Description
Description
We want you to come with us on our journey, our journey of songspirals. Songspirals are the essence of people in this land, the essence of every clan. We belong to the land and it belongs to us. We sing to the land, sing about the land. We are that land. It sings to us.’
Aboriginal Australian cultures are the oldest living cultures on earth and at the heart of Aboriginal cultures is song. These ancient narratives of landscape have often been described as a means of navigating across vast distances without a map, but they are much, much more than this. Songspirals are sung by Aboriginal people to awaken Country, to make and remake the life-giving connections between people and place. Songspirals are radically different ways of understanding the relationship people can have with the landscape.

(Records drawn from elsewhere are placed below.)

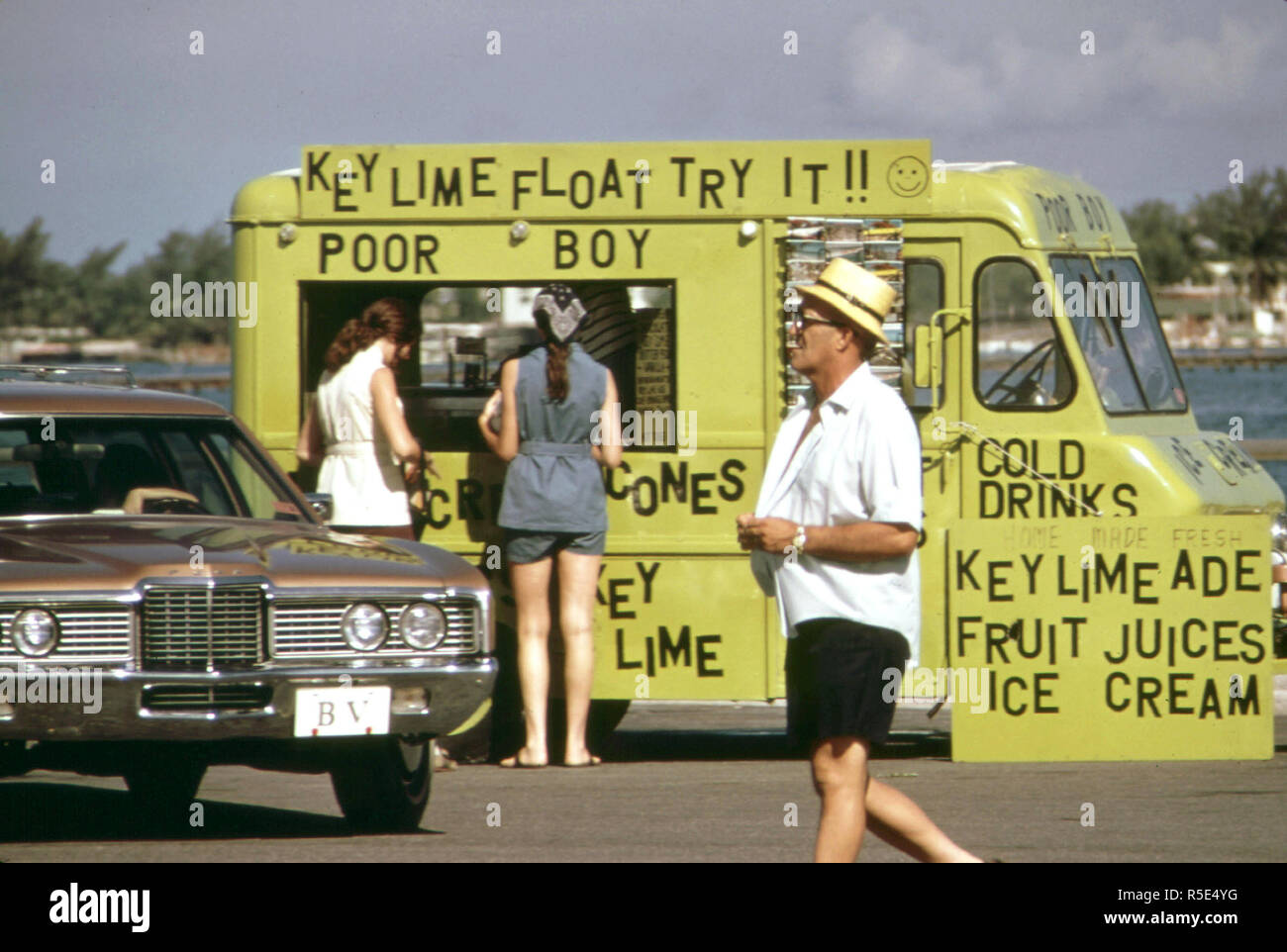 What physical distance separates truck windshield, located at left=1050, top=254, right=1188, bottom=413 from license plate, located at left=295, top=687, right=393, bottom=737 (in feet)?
12.7

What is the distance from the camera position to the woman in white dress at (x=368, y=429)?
1015 cm

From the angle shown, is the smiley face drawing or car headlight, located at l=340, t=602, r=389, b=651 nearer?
car headlight, located at l=340, t=602, r=389, b=651

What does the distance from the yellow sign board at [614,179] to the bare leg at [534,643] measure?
1604 millimetres

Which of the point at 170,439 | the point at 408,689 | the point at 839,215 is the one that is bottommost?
the point at 408,689

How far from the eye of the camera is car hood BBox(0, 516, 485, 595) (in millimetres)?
7500

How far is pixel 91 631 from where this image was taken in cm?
744

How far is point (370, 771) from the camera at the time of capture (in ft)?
27.1

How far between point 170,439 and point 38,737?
1918 millimetres

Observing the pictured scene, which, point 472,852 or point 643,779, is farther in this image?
point 643,779

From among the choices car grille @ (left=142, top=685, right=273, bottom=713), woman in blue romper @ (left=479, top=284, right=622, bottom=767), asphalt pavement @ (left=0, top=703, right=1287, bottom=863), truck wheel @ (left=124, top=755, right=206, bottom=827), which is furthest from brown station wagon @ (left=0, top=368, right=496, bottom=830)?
woman in blue romper @ (left=479, top=284, right=622, bottom=767)

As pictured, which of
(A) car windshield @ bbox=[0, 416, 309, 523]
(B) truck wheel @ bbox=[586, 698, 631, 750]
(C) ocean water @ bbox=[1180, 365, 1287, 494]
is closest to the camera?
(A) car windshield @ bbox=[0, 416, 309, 523]

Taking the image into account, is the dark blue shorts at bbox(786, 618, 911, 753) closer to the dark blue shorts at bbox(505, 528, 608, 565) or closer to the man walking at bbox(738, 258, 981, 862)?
the man walking at bbox(738, 258, 981, 862) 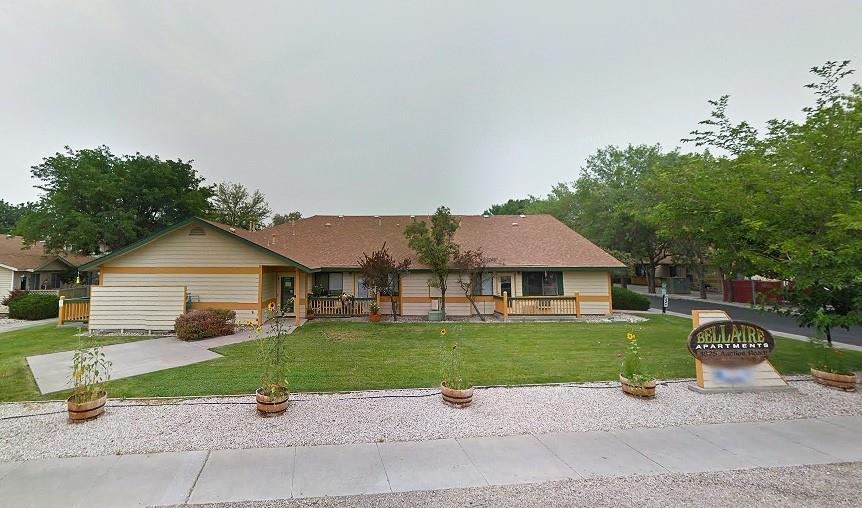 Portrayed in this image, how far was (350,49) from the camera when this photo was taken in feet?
49.4

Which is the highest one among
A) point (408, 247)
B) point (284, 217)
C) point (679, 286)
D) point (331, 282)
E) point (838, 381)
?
point (284, 217)

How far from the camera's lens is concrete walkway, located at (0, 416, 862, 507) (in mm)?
3488

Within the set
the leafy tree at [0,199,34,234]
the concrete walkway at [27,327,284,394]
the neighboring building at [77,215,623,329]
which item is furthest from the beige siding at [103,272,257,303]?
the leafy tree at [0,199,34,234]

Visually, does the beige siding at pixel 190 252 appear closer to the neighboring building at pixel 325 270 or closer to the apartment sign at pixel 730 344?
the neighboring building at pixel 325 270

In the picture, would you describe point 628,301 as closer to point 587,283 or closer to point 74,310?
point 587,283

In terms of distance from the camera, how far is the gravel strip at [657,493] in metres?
3.31

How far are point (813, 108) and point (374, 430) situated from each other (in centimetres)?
1305

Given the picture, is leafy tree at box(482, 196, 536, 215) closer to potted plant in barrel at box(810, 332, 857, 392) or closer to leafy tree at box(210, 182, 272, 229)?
leafy tree at box(210, 182, 272, 229)

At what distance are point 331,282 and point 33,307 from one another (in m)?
15.1

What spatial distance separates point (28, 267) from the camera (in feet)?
77.4

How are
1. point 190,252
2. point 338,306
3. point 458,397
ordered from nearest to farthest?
point 458,397 < point 190,252 < point 338,306

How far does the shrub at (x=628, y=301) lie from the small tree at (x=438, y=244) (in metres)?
11.9

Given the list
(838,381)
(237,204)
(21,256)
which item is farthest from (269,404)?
(237,204)

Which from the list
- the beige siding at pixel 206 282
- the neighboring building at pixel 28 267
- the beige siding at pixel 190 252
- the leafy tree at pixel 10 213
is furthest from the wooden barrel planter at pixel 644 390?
the leafy tree at pixel 10 213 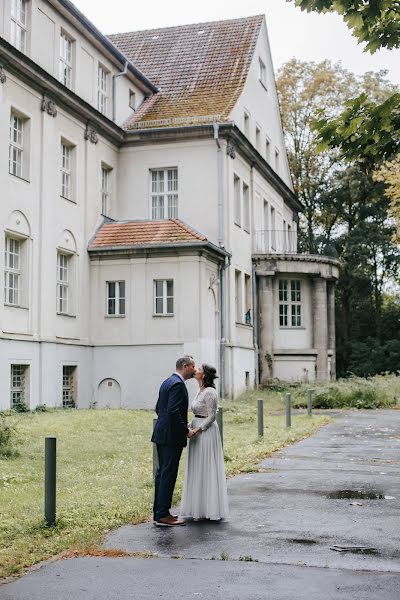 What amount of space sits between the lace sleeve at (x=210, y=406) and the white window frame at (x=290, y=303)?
2807cm

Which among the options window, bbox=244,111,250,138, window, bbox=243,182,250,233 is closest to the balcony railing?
window, bbox=243,182,250,233

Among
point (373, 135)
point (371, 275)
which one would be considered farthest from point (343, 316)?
point (373, 135)

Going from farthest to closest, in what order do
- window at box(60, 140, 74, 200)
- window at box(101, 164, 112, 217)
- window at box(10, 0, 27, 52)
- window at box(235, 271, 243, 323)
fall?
window at box(235, 271, 243, 323) → window at box(101, 164, 112, 217) → window at box(60, 140, 74, 200) → window at box(10, 0, 27, 52)

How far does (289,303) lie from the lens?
1475 inches

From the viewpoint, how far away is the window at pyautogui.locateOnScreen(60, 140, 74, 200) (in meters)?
27.5

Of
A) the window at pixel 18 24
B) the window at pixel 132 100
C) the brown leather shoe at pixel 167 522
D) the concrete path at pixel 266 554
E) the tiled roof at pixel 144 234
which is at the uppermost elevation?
the window at pixel 132 100

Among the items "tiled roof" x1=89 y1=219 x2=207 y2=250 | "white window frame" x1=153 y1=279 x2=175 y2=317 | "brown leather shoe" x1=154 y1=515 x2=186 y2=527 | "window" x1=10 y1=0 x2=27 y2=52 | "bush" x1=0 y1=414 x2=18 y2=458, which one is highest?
"window" x1=10 y1=0 x2=27 y2=52

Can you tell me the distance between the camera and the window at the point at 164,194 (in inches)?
1265

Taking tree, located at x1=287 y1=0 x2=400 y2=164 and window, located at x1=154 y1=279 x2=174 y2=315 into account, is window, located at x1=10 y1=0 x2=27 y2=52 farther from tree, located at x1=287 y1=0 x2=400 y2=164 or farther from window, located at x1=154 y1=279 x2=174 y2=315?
tree, located at x1=287 y1=0 x2=400 y2=164

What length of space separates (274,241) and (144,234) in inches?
479

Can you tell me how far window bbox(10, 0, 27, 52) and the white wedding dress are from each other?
18.4 metres

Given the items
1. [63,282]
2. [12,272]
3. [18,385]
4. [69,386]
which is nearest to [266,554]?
[18,385]

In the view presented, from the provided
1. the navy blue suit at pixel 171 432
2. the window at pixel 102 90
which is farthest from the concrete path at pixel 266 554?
the window at pixel 102 90

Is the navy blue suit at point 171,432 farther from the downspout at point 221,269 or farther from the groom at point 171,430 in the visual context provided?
the downspout at point 221,269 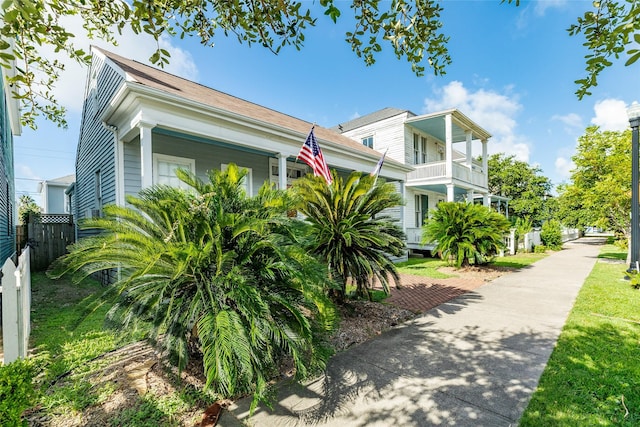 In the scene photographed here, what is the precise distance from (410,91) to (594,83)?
9.03 m

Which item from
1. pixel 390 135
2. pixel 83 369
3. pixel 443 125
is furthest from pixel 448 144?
pixel 83 369

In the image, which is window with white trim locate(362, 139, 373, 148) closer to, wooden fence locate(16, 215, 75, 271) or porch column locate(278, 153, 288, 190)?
porch column locate(278, 153, 288, 190)

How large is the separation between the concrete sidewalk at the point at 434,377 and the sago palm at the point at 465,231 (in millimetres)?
3625

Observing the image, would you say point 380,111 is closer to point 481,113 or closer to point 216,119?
point 481,113

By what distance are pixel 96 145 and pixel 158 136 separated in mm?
3026

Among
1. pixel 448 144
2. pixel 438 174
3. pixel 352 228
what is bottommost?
pixel 352 228

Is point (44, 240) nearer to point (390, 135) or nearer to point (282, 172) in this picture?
point (282, 172)

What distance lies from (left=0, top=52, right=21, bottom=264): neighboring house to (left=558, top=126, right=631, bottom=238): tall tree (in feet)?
56.8

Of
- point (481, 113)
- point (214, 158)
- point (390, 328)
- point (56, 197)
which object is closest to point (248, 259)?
point (390, 328)

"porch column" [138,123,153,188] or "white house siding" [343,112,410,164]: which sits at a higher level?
"white house siding" [343,112,410,164]

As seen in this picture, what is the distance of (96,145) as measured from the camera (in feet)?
28.4

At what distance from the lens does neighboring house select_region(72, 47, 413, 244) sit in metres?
5.74

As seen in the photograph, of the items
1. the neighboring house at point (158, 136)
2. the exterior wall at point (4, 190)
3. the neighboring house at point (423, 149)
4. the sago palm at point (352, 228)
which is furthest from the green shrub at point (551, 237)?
the exterior wall at point (4, 190)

For Yolngu people from North East Arnhem Land, women and men play different roles in bringing songlines to life, yet the vast majority of what has been published is about men’s place in songlines. Songspirals is a rare opportunity for outsiders to experience Aboriginal women’s role in crying the songlines in a very authentic and direct form.
About the Authors
Gay’wu Group of Women is the ‘dilly bag women’s group’, a deep collaboration between five Yolngu women and three non-Aboriginal women over a decade.
Sisters Laklak Burrarwaŋa, Ritjilili Ganambarr, Merrkiyawuy Ganambarr-Stubbs and Banbapuy Ganambarr are elders of the Yolŋu people of North East Arnhem Land. The sisters have collaborated on a series of cultural and research projects with professors Kate Lloyd, Sandie Suchet-Pearson and Sarah Wright.